==== Exercise input

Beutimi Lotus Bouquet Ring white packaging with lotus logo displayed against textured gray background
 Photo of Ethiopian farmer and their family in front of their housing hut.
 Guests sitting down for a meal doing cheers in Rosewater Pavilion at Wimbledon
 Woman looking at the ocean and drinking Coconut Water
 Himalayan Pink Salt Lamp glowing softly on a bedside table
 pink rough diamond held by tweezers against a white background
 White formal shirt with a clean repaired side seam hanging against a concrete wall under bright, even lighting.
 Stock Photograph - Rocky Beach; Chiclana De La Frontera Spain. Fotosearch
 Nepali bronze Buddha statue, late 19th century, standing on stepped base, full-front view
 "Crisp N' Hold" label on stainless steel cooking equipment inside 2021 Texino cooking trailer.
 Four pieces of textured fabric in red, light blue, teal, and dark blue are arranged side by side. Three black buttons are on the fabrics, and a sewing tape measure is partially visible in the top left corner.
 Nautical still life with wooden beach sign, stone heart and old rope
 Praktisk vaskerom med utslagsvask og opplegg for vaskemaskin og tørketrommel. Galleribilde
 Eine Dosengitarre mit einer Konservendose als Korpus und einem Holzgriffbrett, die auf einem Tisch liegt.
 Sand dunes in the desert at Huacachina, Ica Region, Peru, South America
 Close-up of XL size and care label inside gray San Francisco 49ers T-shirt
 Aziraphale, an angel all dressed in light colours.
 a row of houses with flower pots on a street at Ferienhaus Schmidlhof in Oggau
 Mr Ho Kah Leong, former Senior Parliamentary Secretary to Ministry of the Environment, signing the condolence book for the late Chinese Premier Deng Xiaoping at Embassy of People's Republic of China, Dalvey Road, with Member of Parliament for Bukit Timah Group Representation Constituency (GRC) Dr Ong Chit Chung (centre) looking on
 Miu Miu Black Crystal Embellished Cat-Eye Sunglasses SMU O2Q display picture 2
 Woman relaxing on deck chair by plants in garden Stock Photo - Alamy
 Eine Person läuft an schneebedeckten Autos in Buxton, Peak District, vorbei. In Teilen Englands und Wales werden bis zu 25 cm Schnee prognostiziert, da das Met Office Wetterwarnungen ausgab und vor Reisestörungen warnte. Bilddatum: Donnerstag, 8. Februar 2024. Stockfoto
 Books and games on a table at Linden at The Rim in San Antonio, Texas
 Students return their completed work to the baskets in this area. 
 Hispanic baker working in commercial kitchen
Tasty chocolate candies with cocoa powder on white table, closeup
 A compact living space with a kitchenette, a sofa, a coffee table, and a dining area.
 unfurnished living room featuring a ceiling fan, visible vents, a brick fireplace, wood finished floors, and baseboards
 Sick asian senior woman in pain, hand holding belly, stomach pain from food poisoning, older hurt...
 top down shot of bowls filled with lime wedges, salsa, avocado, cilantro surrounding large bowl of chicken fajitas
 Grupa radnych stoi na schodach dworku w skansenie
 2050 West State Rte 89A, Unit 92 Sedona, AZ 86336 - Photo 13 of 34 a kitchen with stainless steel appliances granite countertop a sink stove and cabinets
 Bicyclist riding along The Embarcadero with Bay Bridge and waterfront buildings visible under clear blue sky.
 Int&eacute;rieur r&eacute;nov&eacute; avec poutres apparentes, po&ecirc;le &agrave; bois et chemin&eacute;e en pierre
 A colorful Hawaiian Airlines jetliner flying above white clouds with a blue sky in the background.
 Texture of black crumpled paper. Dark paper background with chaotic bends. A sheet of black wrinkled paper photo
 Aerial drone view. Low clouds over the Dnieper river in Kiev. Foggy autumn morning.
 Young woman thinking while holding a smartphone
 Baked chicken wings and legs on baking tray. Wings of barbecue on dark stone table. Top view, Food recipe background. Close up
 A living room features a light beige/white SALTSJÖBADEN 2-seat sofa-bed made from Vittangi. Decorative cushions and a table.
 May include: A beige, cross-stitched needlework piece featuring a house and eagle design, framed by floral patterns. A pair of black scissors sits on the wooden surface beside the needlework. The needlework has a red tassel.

========

Set all of the material down once more, unchanged.

Beutimi Lotus Bouquet Ring white packaging with lotus logo displayed against textured gray background
 Photo of Ethiopian farmer and their family in front of their housing hut.
 Guests sitting down for a meal doing cheers in Rosewater Pavilion at Wimbledon
 Woman looking at the ocean and drinking Coconut Water
 Himalayan Pink Salt Lamp glowing softly on a bedside table
 pink rough diamond held by tweezers against a white background
 White formal shirt with a clean repaired side seam hanging against a concrete wall under bright, even lighting.
 Stock Photograph - Rocky Beach; Chiclana De La Frontera Spain. Fotosearch
 Nepali bronze Buddha statue, late 19th century, standing on stepped base, full-front view
 "Crisp N' Hold" label on stainless steel cooking equipment inside 2021 Texino cooking trailer.
 Four pieces of textured fabric in red, light blue, teal, and dark blue are arranged side by side. Three black buttons are on the fabrics, and a sewing tape measure is partially visible in the top left corner.
 Nautical still life with wooden beach sign, stone heart and old rope
 Praktisk vaskerom med utslagsvask og opplegg for vaskemaskin og tørketrommel. Galleribilde
 Eine Dosengitarre mit einer Konservendose als Korpus und einem Holzgriffbrett, die auf einem Tisch liegt.
 Sand dunes in the desert at Huacachina, Ica Region, Peru, South America
 Close-up of XL size and care label inside gray San Francisco 49ers T-shirt
 Aziraphale, an angel all dressed in light colours.
 a row of houses with flower pots on a street at Ferienhaus Schmidlhof in Oggau
 Mr Ho Kah Leong, former Senior Parliamentary Secretary to Ministry of the Environment, signing the condolence book for the late Chinese Premier Deng Xiaoping at Embassy of People's Republic of China, Dalvey Road, with Member of Parliament for Bukit Timah Group Representation Constituency (GRC) Dr Ong Chit Chung (centre) looking on
 Miu Miu Black Crystal Embellished Cat-Eye Sunglasses SMU O2Q display picture 2
 Woman relaxing on deck chair by plants in garden Stock Photo - Alamy
 Eine Person läuft an schneebedeckten Autos in Buxton, Peak District, vorbei. In Teilen Englands und Wales werden bis zu 25 cm Schnee prognostiziert, da das Met Office Wetterwarnungen ausgab und vor Reisestörungen warnte. Bilddatum: Donnerstag, 8. Februar 2024. Stockfoto
 Books and games on a table at Linden at The Rim in San Antonio, Texas
 Students return their completed work to the baskets in this area. 
 Hispanic baker working in commercial kitchen
Tasty chocolate candies with cocoa powder on white table, closeup
 A compact living space with a kitchenette, a sofa, a coffee table, and a dining area.
 unfurnished living room featuring a ceiling fan, visible vents, a brick fireplace, wood finished floors, and baseboards
 Sick asian senior woman in pain, hand holding belly, stomach pain from food poisoning, older hurt...
 top down shot of bowls filled with lime wedges, salsa, avocado, cilantro surrounding large bowl of chicken fajitas
 Grupa radnych stoi na schodach dworku w skansenie
 2050 West State Rte 89A, Unit 92 Sedona, AZ 86336 - Photo 13 of 34 a kitchen with stainless steel appliances granite countertop a sink stove and cabinets
 Bicyclist riding along The Embarcadero with Bay Bridge and waterfront buildings visible under clear blue sky.
 Int&eacute;rieur r&eacute;nov&eacute; avec poutres apparentes, po&ecirc;le &agrave; bois et chemin&eacute;e en pierre
 A colorful Hawaiian Airlines jetliner flying above white clouds with a blue sky in the background.
 Texture of black crumpled paper. Dark paper background with chaotic bends. A sheet of black wrinkled paper photo
 Aerial drone view. Low clouds over the Dnieper river in Kiev. Foggy autumn morning.
 Young woman thinking while holding a smartphone
 Baked chicken wings and legs on baking tray. Wings of barbecue on dark stone table. Top view, Food recipe background. Close up
 A living room features a light beige/white SALTSJÖBADEN 2-seat sofa-bed made from Vittangi. Decorative cushions and a table.
 May include: A beige, cross-stitched needlework piece featuring a house and eagle design, framed by floral patterns. A pair of black scissors sits on the wooden surface beside the needlework. The needlework has a red tassel.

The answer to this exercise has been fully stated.